Nestled up here in the damp and green Pacific Northwest it would have been easy for what later became grunge to have gone unnoticed. After all it’s not like Seattle was known for much musically, at least not at the national level. As the 1980s came to a close it would have been Jimi Hendrix, Heart, and maybe Queensrÿche, but that’s probably about it. Nirvana, of course, changed all that, though as I’ve written before they weren’t the band that many of us thought would break. As the 1980s came to a close, the “Big 4” Seattle bands, at least among the people I was hanging out with up here, were Mudhoney, Nirvana, Soundgarden, and Tad. And as much as I was a huge Tad fan from the first time I picked up the 1990 combined release Salt Lick / God’s Balls and was in love with their improbably sound, all hard edges and raspy, spit-flying vocals about wood goblins and getting the hell beat out of you by a leather-strap-weilding group of thugs, I never thought that Tad would have much commercial appeal. But I was hooked.

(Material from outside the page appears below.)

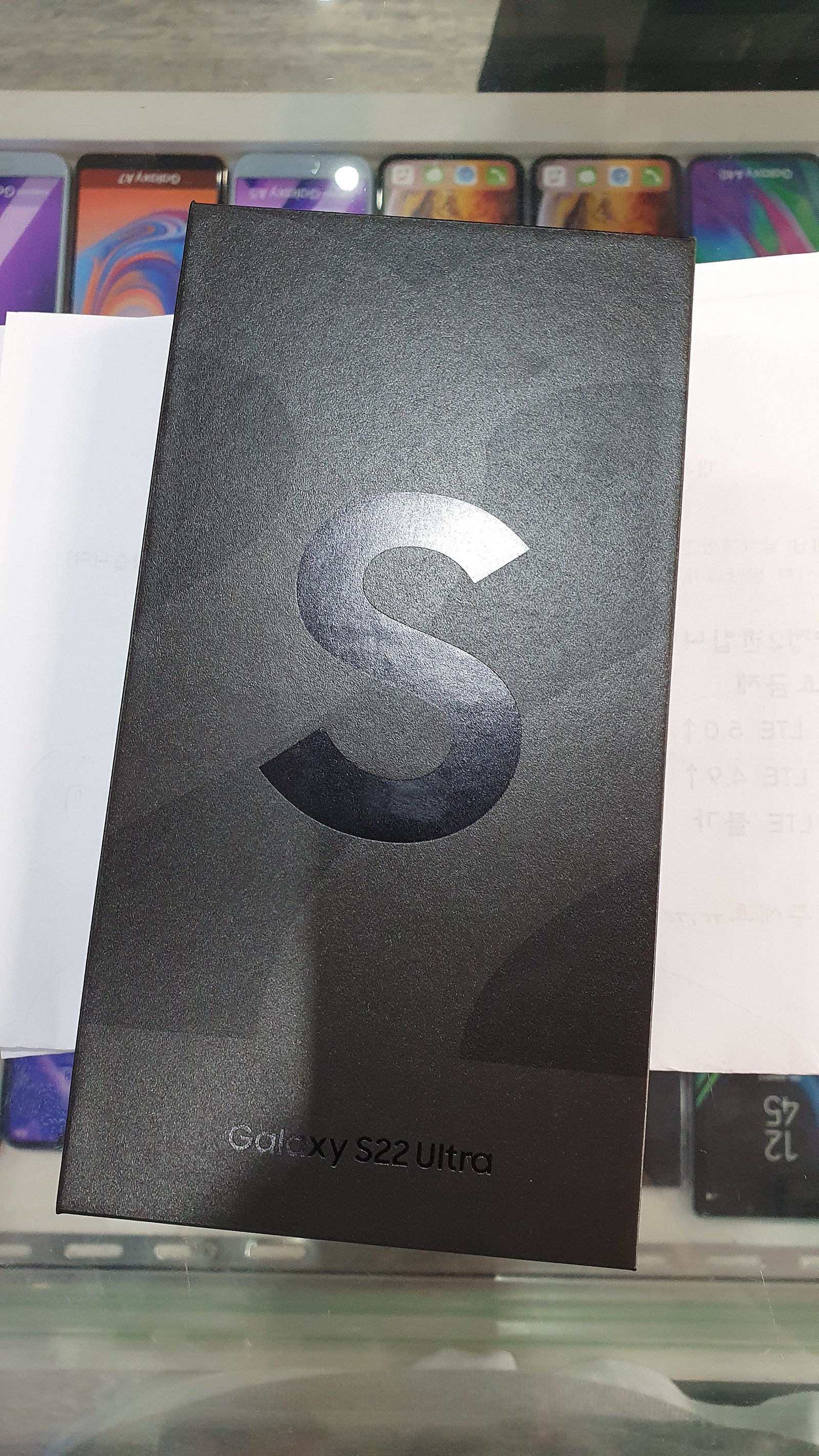 S22 울트라 블랙 사전예약 부터 개통까지 김해 관동동 성지에서 했습니다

So it came as a surprise when I learned a week or so ago that a new Tad album was coming out on Record Store Day. Sure, Tad Doyle had put out other albums as part of Brothers of the Sonic Cloth and most recently a dark classical disc called Incineration Ceremony under his full name Thomas Andrew Doyle. But when I saw Brothers of the Sonic Cloth perform a few years ago they didn’t play any old Tad songs, and band itself hadn’t put out a full length release since 1995s Infrared Riding Hood (their last single was in 1999). Fortunately for us, however, there were some old Tad recordings out there hidden away, and as a result we were treated to the very limited (900 copies) Quick and Dirty on Record Store Day 2018. As an added bonus for me personally, while I was in line at Seattle’s Easy Street Records waiting to make my purchases store owner Matt Vaughan, who earlier in the morning served bacon to those of us waiting in line, shouted “Who’s got the new Tad? Anyone out there got Tad?” My arm went up, as did my buddy Travis’, and Matt came over to us and gave us each a free copy of the bonus 12″ that was included when folks pre-bought all three of the recent Sub Pop Tad re-releases. It’s got all the bonus songs that were included on the download cards for those records and was a very cool free score. Thanks Matt!

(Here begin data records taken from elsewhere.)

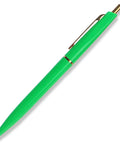 Ultra Smooth Oil Based Ballpoint Pen With Ultra Low Viscosity Mach Ball Ink 0.5mm Extra Fine Tip Forest Green Retro Design Made In Japan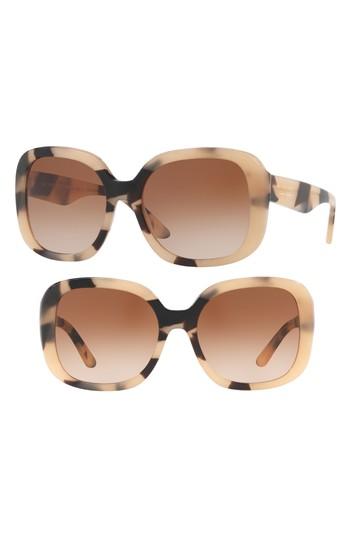 Women's Burberry 56mm Gradient Sunglasses - Grey Horn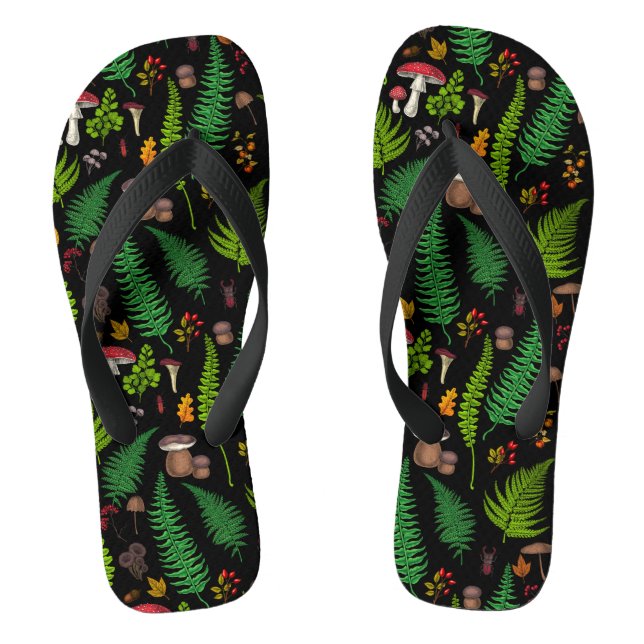 Tongs La faune et la flore des bois (Semelle)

Side A of Quick and Dirty includes six tracks the band recorded in the studio back in 1999, songs that probably would have been part of Tad’s next studio album. The B side has five live tracks recorded at Seattle’s infamous Crocodile Cafe, home to so many amazing shows back in the day, and includes some early songs like “Behemoth”, “Jinx”, and “Delinquent”. This is the perfect kind of thing to come out on RSD – a combo of previously unreleased studio and live songs, not just another repackaged super glossy colored vinyl limited edition sparkly unicorn $50 collector’s edition. This is Tad, kids. It’s supposed to be a bit dirty. It’s supposed to stick to your shoes.
And man, if the studio stuff is any indication we’d have been in store for a pretty killer full-length from Tad to close out the millennium. “Mummified Cop” pounds you like a hammer with it’s start-and-stop riffs, and the boys don’t easy up over the next five songs. “Corbomite Maneuver” is heavy as hell, but still finds room for some pretty stellar guitar soloing. But as much as I was excited for, and enjoyed, hearing some new songs, I was even more stoked for the live material. And it didn’t disappoint. The live stuff is heavy, and I do mean heavy, like a plodding giant crushing the village of your mind under it’s riff-like feet. This is Tad at their best – sludgy. When they rip into my all-time Tad favorite “Behemoth” it almost feels like you’re experiencing the assault described in the song (Leather straps / Crack in my head) as the torrents of sound drive into your brain.
Quick and Dirty was a great RSD 2018 treat. Let’s hope there’s more old-school early Seattle grunge hidden away in the vaults somewhere just waiting to be released.